Festzuhalten bleibt, dass ohne Zwang und Not die erwähnten
Entscheidungen über die alliierten Basen und die Verfügbarkeit
der Verkehrsinfrastruktur getroffen wurden. Auch zur Bereitstellung
von täglich etwa 2.600 Bundeswehrsoldaten, die seit dem 24.
Januar mehr als 50 Liegenschaften der US-Armee in Deutschland
bewachen, war die rot-grüne Regierung nicht gezwungen. Für das
ohnehin durch die Vielzahl der Auslandseinsätze überstrapazierte
Heer bedeutet dies, dass dank eines rund um die Uhr zu
leistenden Wachdienstes eine enorme Zahl von Soldaten
permanent gebunden wird. Zwar stellt die Maßnahme eine
erhebliche personelle und finanzielle Entlastung der Amerikaner
dar, dem deutschen Steuerzahler aber bürdet sie unter
Umständen über Jahre hinweg gewaltige Lasten auf. Indirekt wird
so ein Angriff auf den Irak mit finanziert.

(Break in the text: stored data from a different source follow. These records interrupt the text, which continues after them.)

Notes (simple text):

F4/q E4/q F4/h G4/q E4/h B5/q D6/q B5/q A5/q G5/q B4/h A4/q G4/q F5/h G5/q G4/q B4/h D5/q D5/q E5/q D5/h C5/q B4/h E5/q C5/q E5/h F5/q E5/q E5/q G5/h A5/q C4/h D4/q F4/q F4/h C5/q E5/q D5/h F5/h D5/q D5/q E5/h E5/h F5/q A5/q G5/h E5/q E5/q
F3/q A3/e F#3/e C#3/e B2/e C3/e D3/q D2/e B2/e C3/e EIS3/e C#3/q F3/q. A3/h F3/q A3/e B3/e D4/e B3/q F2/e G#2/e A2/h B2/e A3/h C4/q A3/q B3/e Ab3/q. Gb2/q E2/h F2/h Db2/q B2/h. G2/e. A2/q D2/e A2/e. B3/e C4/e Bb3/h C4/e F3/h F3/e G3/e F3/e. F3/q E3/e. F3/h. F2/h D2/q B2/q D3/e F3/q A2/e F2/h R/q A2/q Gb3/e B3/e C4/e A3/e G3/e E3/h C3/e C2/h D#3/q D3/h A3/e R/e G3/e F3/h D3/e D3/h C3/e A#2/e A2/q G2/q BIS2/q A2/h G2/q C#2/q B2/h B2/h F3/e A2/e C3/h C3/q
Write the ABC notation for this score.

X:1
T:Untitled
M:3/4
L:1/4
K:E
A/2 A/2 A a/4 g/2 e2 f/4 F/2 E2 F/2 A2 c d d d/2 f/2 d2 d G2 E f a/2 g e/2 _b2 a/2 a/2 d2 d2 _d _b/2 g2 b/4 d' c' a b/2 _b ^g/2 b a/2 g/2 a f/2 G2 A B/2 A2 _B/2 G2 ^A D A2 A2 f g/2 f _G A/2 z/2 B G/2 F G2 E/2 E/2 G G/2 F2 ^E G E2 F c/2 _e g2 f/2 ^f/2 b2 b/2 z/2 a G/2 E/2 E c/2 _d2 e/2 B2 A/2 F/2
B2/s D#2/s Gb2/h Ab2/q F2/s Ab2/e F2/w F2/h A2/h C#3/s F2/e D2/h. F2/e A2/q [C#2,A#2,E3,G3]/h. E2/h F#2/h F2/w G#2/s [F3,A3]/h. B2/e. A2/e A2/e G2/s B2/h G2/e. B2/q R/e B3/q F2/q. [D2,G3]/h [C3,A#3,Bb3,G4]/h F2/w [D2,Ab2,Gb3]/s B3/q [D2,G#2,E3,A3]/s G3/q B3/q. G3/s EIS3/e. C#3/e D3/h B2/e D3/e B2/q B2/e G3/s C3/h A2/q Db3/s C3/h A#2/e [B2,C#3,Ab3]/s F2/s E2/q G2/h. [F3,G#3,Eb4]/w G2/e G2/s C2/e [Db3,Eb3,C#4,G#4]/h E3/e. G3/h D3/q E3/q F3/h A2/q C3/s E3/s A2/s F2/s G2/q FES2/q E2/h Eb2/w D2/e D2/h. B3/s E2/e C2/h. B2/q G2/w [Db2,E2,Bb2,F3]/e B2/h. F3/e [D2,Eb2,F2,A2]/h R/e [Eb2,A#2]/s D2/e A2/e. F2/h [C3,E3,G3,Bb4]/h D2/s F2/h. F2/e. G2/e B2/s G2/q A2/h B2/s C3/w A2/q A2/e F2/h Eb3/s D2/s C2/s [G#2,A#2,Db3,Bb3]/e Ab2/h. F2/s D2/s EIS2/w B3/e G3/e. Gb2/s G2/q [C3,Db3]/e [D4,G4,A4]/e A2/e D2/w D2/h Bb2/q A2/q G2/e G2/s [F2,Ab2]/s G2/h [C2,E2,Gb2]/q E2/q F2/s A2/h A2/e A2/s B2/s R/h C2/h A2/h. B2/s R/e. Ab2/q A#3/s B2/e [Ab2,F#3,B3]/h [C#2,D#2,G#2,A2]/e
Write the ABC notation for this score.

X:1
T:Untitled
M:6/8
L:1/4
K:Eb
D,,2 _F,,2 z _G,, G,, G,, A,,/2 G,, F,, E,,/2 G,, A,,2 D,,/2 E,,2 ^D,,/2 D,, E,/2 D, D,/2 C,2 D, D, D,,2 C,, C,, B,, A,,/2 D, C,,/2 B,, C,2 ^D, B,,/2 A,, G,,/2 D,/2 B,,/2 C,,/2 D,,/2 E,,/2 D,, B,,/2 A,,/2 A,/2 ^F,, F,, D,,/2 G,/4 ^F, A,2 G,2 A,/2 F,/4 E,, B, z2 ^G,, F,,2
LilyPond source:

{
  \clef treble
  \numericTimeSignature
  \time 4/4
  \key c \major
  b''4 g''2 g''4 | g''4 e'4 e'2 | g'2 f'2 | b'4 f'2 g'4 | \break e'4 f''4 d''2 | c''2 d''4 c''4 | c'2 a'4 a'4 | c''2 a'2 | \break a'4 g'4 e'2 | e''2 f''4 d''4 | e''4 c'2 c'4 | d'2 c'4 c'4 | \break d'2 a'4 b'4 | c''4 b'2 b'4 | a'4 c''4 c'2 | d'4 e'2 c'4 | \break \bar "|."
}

Auslandseinsätze der Bundeswehr im Februar
2003
Kosovo
4.600 Soldaten in den
KFOR-Verbänden
Bosnien-Herzegowina
1.550 Soldaten im SFOR-Korps
Mazedonien
225 Soldaten bei der Task Force
»Fox«
Afghanistan
1.250 Soldaten bei den "International
Security Assistance Forces" (ISAF)
Usbekistan
200 Soldaten zur logistischen Hilfe für
ISAF
Kuwait
50 ABC-Abwehrkräfte
Djibouti
1.035 Soldaten bei einer Marine Task
Force innerhalb der
Anti-Terrorkampagne "Enduring
Freedom"
Kenia
140 Soldaten beim "Marine Patrol
Aircraft" (MPA) innerhalb von
»Enduring Freedom«
Mittelmeer
320 Soldaten bei der "Standing Naval
Force Mediterranean Active
Endeavor"
Georgien
12 Soldaten bei der "United Nations
Observer Mission" in Georgien
(UNOMIG)
USA
12 Soldaten beim Central Command
(US-Centcom) in Florida
insgesamt
9.395 Soldaten
Die deutsche Verstrickung in einen möglichen Krieg reicht jedoch
viel weiter: So wurde bereits beschlossen, Israel
PATRIOT-Flugabwehrraketen leihweise zu überlassen - allerdings
ohne deutsches Personal. Darüber hinaus hat
Verteidigungsminister Struck Ende Januar angekündigt, den
US-Streitkräften am Persischen Golf im Kriegsfall durch den
Einsatz von MedEvac-Flugzeugen - den »fliegenden Lazaretten«
der Bundesluftwaffe - beizustehen. Auch in Kuwait stationierte
Spezialeinheiten der Bundeswehr zur ABC-Abwehr müssen mit
einem Einsatzbefehl rechnen, sollten amerikanische oder
kuwaitische Einrichtungen durch ABC-Waffen bedroht werden.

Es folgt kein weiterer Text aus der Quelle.